The National Oceanic and Atmospheric Administration (NOAA) announced today that it has awarded 12 contracts, totaling $20.5 million, for advanced architecture studies for its Geostationary Operational Environmental Satellite (GOES-R) program. NOAA is part of the U.S. Department of Commerce.

Data from NOAA’s GOES spacecraft provide short-term advance weather warning products to the commercial, educational, and public sectors to protect lives, property and the environment, and to foster economic growth and promote educational research. The future GOES-R mission is expected to improve the quality and timeliness of its forecasts, expanding the safety and economic security of the public.

The contracts – each has a 12-month term, with a potential option of six extra months – are designed to help NOAA define its future GOES-R requirements by analyzing different, commercially viable architectures. Through these contracts, NOAA plans to acquire research and technologically advanced information about end-to-end system alternatives from commercial specialists in the aeronautical, communications and data management fields.

The awards will help NOAA acquire research and technologically advanced information about systems architectures from commercial specialists in the aeronautical and space systems engineering fields. NOAA will take these results and explore potential end-to-end systems architectures for its future GOES-R program, which is scheduled for launch in 2012.

The contract awards are the result of combined efforts of NOAA, the National Aeronautics and Space Administration (NASA) and independent consultants. For years, NOAA and NASA have operated as an interagency team to acquire, build and launch NOAA’s geostationary and polar-orbiting meteorological satellites.

At the conclusion of these commercial studies, NOAA will modify its requirement for the GOES-R space, launch, command and control, and data production segments to help reduce future design, development, cost and schedule risks. The contract results will ensure that viable architectural options are available to integrate the meteorological data acquired from space remote sensors, with the ground acquisition systems, and link it to the ultimate products delivered to the users.

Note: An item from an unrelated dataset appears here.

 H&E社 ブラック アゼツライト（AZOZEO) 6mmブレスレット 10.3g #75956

NOAA used the Broad Agency Announcement (BAA) procurement mechanism to solicit these study contracts. A BAA is used to advance the agency’s state of the art, or increase its knowledge or understanding of the science. Through this mechanism, a 12-month award was made to each of the following firms at the prices stated. A priced option exists for NOAA to extend the research by six months, if warranted.

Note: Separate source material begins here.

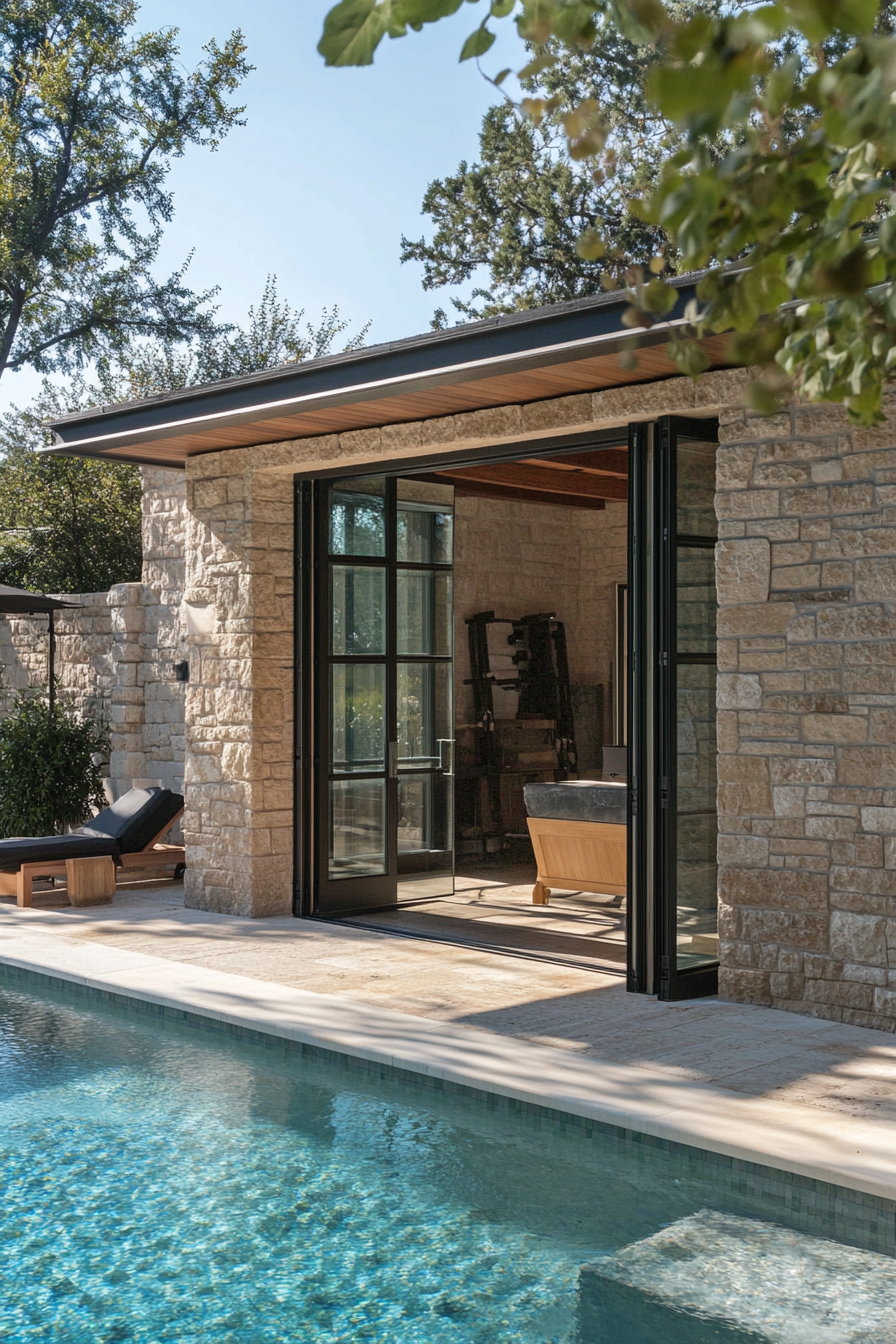 Pool house. Stone walls, floor-to-ceiling glass doors, teakwood indoor-outdoor shower, panoramic pool view.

The firms selected for award were: Spectrum Astro, Gilbert, Ariz., $1,000,000; Integral Systems, Inc., Lanham, Md., $500,000; Raytheon, Aurora, Colo., $2,500,000; Northrop Grumman, Redondo Beach, Calif., $2,500,000; Honeywell Technology Solutions, Inc., Columbia, Md., $500,000; Orbital Sciences Corp., Dulles, Va., $2,000,000; Space Systems, Loral, Palo Alto, Calif., $2,000,000; Boeing Satellite Systems, Inc., Los Angeles, Calif., $2,500,000; Ball Aerospace and Technologies Corp., Boulder, Colo., $2,500,000; Harris Corp., Melbourne, Fla., $1,500,000; and Lockheed Martin Corp., Greenbelt, Md., $2,500,000, and Carr Astronautics, Washington, D.C., $500,000.

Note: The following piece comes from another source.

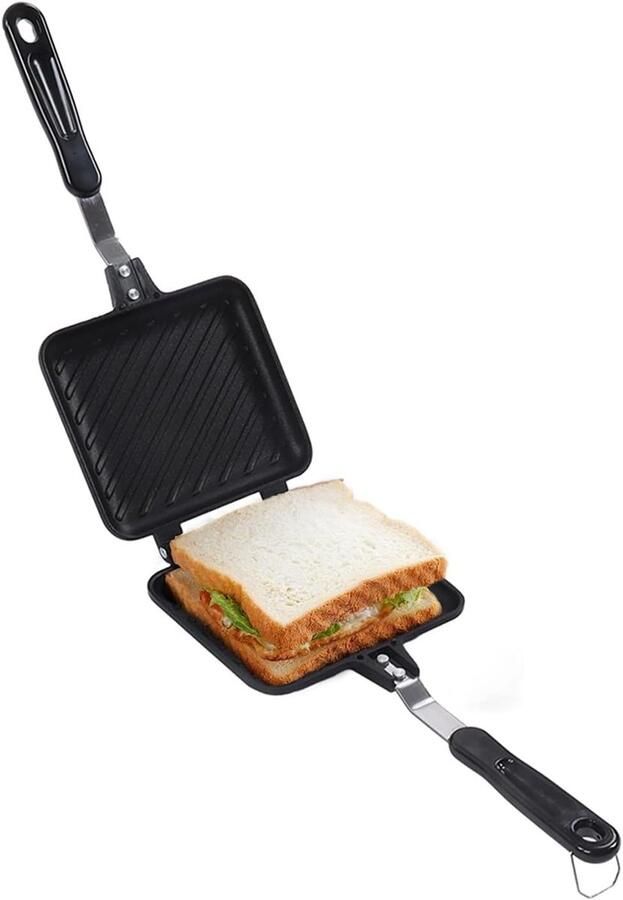 Dubbelzijdige Toast Pan Sandwich Maker Ontbijt Maken Antiaanbaklaag 35 cm Zilver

NOAA Satellites and Information Service is the nation’s primary source of space-based meteorological and climate data. It operates the nation’s environmental satellites, which are used for weather and ocean observation and forecasting, climate monitoring and other environmental applications, including sea-surface temperature, fire detection and ozone monitoring. NOAA’s commercial licensing program draws on NOAA’s heritage in satellite operations and remote sensing applications.

NOAA Satellites and Information Service also operates three data centers, which house global databases in climatology, oceanography, solid Earth geophysics, marine geology and geophysics, solar-terrestrial physics and paleoclimatology.

NOAA is dedicated to enhancing economic security and national safety through the prediction and research of weather and climate-related events and providing environmental stewardship of our nation’s coastal and marine resources.